The answer, in addition to a general denial, also sets up the defense of the Statute of Frauds and the defense of the Statute of Limitations. We think the learned official referee was right in holding that neither of these two defenses was valid. For, if the facts concerning the contract are as claimed by plaintiff, and, at the time of purchasing the present farm, defendants’ testator was indebted to plaintiff, acknowledged that indebtedness and undertook to pay her by purchasing a farm for her, and then deceived her by taking the deed in his own name, and lulled her to rest so that she did not press her legal claim against him until it outlawed, equity will impress a trust upon the farm for her benefit. (Sinclair v. Purdy, 235 N. Y. 245; Wood v. Rabe, 96 id. 414; Goldsmith v. Goldsmith, 145 id. 313.) The last cited case is also authority for the proposition that, to impress a trust ex maleficio, it is not essential that the complaint should have charged fraud in exact words. It is sufficient if facts are alleged from which fraud can be spelled out.

Nor is the defense of the Statute of Limitations good, if plaintiff is right on the facts. The cause of action did not accrue until decedent repudiated the agreement he had with plaintiff to hold the farm for her. (Reitz v. Reitz, 80 N. Y. 538.)
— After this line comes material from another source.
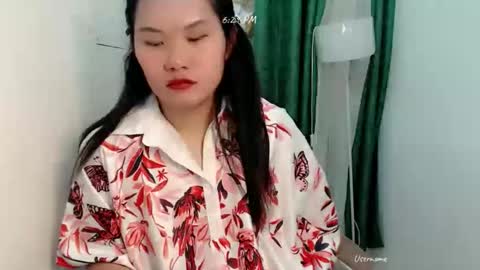 Snapshot of mountain_girl88 chatting on 02-15-26, 10:36 casandra online show from 02-15-26, 10:36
We think this record contains much evidence to support the view that defendants’ testator for many years carried plaintiff and her sister along as burdens charitably assumed because of family ties. However, there is sufficient evidence to support the findings and judgment as made in so far as the farm is concerned, and that part of the judgment ought not to be disturbed.
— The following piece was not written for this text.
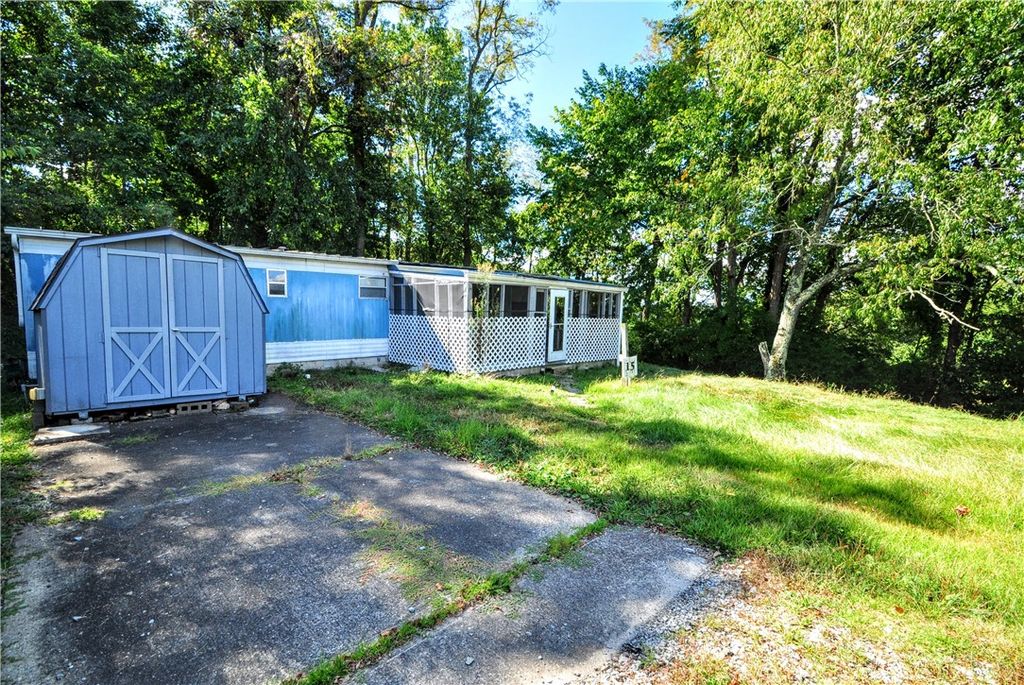 15 Hill St, Washington Twp, PA 15438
As to the money judgment for $4,080, there is no evidence to support it, and, indeed, it is contrary to the referee’s own 13th finding of fact. The plaintiff’s own testimony is to the effect that her brother acknowledged his indebtedness to her and agreed to buy her a farm to pay the debt. It was only afterward that he told her about the insurance policy he was going to take out for her benefit. “ Q. About the time that Adelbert sold the Seneca Falls farm, was there anything said by Adelbert about a life insurance policy? If there was, tell that. A. He never said anything there. After we got up to the farm, he said to me one day, ' Hat, I will tell you what I have done for you. I have bought you this place and I have got my life insured for five thousand dollars, so that if I drop out, you will have it.’ ”

*580It is clear that there was no consideration for any promise defendants’ testator may have made in reference to life insurance. It was a pure gratuity, and, in any case, the terms were too vague and indefinite to furnish a foundation for an action for damages. Nothing was said about what kind of a policy it was to be, or when it was, or was to be, taken out. The money judgment is based on the surrender value of a certain kind of policy taken out on a certain date. The evidence furnishes no data for such a judgment. The complaint demands an accounting for the proceeds of an insurance policy that never existed. A trust cannot attach to anything that never existed.

Furthermore, the referee’s 13th finding of fact is this, in part: That the plaintiff accepted the offer so made by the said Adelbert Van Dyne, and agreed to take a farm when a suitable one of adequate value should be found, in full satisfaction of the debt which the said Adelbert Van Dyne then owed to her.” This finding is supported by the evidence but is inconsistent with findings 23, 24, 25, 26 and 28, in so far as they relate to the subject of life insurance, and these findings should be disapproved and reversed on the law.

The judgment should be modified on the law by striking out the award of money damages, and as modified affirmed, without costs.

All concur. Present — Sears, P. J., Taylor, Edgcomb, Thompson and Crosby, JJ.

Judgment modified on the law by striking out the provision for a money judgment, and as modified affirmed, without costs of this appeal to either party. Findings of fact Nos. 23, 24, 25, 26 and 28 disapproved and reversed on the law so far as they relate to the insurance policy.